Branciaroli, nel ruolo del protagonista, fa sfoggio di tutta la sua ampia vocalità. Uno spettacolo in cui la parola prevale sull’azione. L’impostazione scelta da Lazzareschi è più letteraria che teatrale.
Scelta apparentemente inusuale quella di inserire all’interno del 71o festival shakespeariano dell’Estate Teatrale Veronese un titolo come Moby Dick di Herman Melville nella riduzione di Franco Branciaroli con la regia di Luca Lazzareschi. Ma nel momento in cui si può intravvedere in questo capolavoro della letteratura americana una sorta di erede naturale della Tempesta di Shakespeare, l’azzardo sembra ridimensionarsi.
Achab alter-ego di Prospero
Vi è infatti un forte legame tra il personaggio di Achab ed alcune grandi figure tragiche di Shakespeare, in particolare con quella di Prospero. Scrive infatti Luca Lazzareschi nelle note di regia: “Il capitano Achab, titanico eroe tragico, plasmato dalla follia, dal dolore e dall’incontenibile ybris, assume in sé molte delle caratteristiche di alcuni dei più grandi personaggi shakespeariani: Macbeth Riccardo III, Amleto, Lear, Prospero.
Achab vive e respira Shakespeare in ogni sua parola, nella forma e spesso nella sostanza”. Ecco che quindi assume una valenza ancora più importante aver allestito questo testo una settimana dopo la Tempesta con la regia di Luca de Fusco che ha inaugurato questa edizione dell’estate teatrale veronese, quasi si trattasse di un passaggio di testimone negli oceani della letteratura.

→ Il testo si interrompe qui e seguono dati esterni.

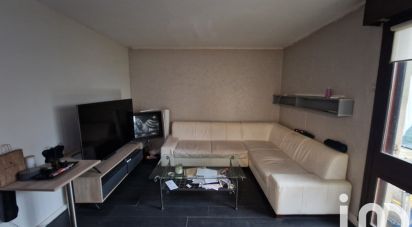 Apartment 3 rooms of 61 m² in Ris-Orangis (91130)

Uno spettacolo in cui la parola prevale sull’azione
L’impostazione scelta da Lazzareschi è più letteraria che teatrale: all’interno di una scenografia scabra ed essenziale, progettata da Domenico Franchi, i cui unici elementi sono una torretta di avvistamento ed alcuni praticabili, gli attori raccontano, declamano il testo, ma raramente danno vita a vere e proprie azioni drammatiche. Il progetto ha più il sapore della rievocazione, tutto è stilizzato, quasi astratto; gesti e azioni vengono spesso mimati: si brinda senza bicchieri, si lavora senza attrezzi, ed anche il monco Achab si muove disinvoltamente sulle sue due gambe.
Branciaroli, nel ruolo del protagonista, fa sfoggio di tutta la sua ampia vocalità in un’interpretazione in cui dominano le escursioni timbriche ma che fatica a toccare le corde più profonde dell’eterno cacciatore della balena bianca e raramente riesce a coinvolgere a livello emotivo. Più lineare e partecipe la recitazione degli altri interpreti tra cui spiccano Gianluca Gobbi (Ishmael), lo stesso Lazzareschi (Starbuck) e il versatile Francesco Migliaccio in più ruoli.
Quella che è sembrata maggiormente mancare in questo allestimento stata una vera e propria impronta registica, che riuscisse a coniugare l’istrionismo di Branciaroli con la recitazione più naturalistica degli altri attori e che imprimesse dramma e azione a quelle che spesso rischiavano di sembrare solo parole.
La rappresentazione si è dipanata senza particolari sussulti, fatta eccezione per un temporale che, con singolare tempismo, a metà del secondo atto ha scaricato qualche lampo e qualche goccia d’acqua sulla platea del Teatro Romano, trasmettendo al pubblico una suggestiva sensazione di immedesimazione totale che, terminati gli “effetti speciali” si è affievolita nel finale.